Trying to keep this merciful objective in view(!), l will try to re-take the subject and talk about some of this stuff, hoping to give good examples of the additional power of GAS (Google Apps Script)-powered spreadsheets over a database or a CRM (which, I love to say, is just a database frontend.)

So I will start with a few basics, without too much code, and then dive into a couple of code examples for the functions that I had more fun coding.

Basic steps to become a heretic DB-fier of spreadsheets

Now, I know I’m making you picture in your mind a lot of stuff since last time: it’s because if I would show you the actual spreadsheet, I’d have to transform it into a rave of censoring-happy emojis!

But you can imagine that managing double entries is quite easy, once everything has a unique ID.

Since all of our entries/rows are associated with at least one URL (if not an Email address, which is unique by definition), what I did was building a function that “sanitizes” the URLs by cutting out anything that can vary, keeping only the unique part, to avoid “false doubles” when the same URL is saved with different parameters or slashes, due to different sources, etc.

Pixelation: hot or not? 😀

Checking for doubles is not interesting at all, save for one nice thing to make searches much faster: using GAS’s Properties Service to keep a reasonably updated list of unique IDs and something more, always ready to use, instead of getting it from the sheet all the time, which is much slower.

Functions that create indexes of uniqueIDs (thus finding double entries) and read/store them with Properties, can be automatized easily with the time-driven triggers that GAS kindly offers, to run at specified times.

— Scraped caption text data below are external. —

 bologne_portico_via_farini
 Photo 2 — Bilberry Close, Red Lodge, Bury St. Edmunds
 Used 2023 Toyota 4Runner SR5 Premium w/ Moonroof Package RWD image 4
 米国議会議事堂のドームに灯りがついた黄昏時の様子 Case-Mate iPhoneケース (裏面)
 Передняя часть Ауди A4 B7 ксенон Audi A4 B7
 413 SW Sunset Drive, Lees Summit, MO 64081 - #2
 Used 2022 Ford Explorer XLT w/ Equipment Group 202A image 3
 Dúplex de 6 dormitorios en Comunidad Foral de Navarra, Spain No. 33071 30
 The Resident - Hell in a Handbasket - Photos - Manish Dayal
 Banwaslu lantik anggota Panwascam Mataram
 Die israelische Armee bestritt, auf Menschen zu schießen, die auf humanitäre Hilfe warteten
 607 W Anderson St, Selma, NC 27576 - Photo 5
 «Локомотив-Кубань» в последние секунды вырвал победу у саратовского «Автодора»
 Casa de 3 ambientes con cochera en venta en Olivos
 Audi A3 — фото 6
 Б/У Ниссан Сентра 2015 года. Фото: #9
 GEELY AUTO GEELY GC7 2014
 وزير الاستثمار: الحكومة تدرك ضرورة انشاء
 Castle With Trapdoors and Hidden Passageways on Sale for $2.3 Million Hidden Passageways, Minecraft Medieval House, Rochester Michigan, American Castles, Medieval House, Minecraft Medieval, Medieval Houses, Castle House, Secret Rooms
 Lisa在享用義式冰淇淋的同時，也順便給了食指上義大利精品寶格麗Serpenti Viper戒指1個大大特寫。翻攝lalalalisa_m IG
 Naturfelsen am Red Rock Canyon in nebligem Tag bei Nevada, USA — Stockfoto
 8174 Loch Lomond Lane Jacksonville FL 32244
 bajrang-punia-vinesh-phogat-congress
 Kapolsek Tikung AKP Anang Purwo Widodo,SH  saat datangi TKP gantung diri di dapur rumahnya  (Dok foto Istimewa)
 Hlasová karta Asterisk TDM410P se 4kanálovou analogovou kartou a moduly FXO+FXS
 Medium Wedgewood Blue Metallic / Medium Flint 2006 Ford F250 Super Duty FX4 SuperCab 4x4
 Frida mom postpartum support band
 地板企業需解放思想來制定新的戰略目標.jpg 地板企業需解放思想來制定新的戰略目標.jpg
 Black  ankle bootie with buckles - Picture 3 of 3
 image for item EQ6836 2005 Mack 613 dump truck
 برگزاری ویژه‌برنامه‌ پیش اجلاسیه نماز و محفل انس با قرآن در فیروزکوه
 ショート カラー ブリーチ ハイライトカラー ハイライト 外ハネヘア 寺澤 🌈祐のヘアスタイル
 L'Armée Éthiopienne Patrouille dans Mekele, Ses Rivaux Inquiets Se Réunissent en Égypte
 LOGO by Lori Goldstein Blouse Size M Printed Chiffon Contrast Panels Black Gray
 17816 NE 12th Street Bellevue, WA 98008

Just make sure you set them at times you’re less likely to do changes yourself, especially if you schedule double deletion, that removes rows from the spreadsheet: I learned the hard way! 😅 (Thanks to the Version History feature of Google Sheets, nothing is ever lost anyway, but still…)

The safest choice I found is Day timer, and giving intervals of hours you know are “safe”.

An interesting thing about running this stuff automatically, is that you’ll want some reporting/notification system that doesn’t use the UI, right? … Right?

Here’s the thing: alerts, dialogs, etc. won’t work in triggered scripts.
Google will actually prevent the whole script from running if it detects any, and for good reason: imagine discovering you lost tons of writing/editing, because a script started running in the meantime, and opened a pop-up..!

Therefore, to have time-triggered scripts report to you, you could set:

  • Email notifications from GAS itself (but this won’t report anything custom, it will just tell you if an execution ends because of errors.)
  • Custom emails that you send to yourself, from your own scripts.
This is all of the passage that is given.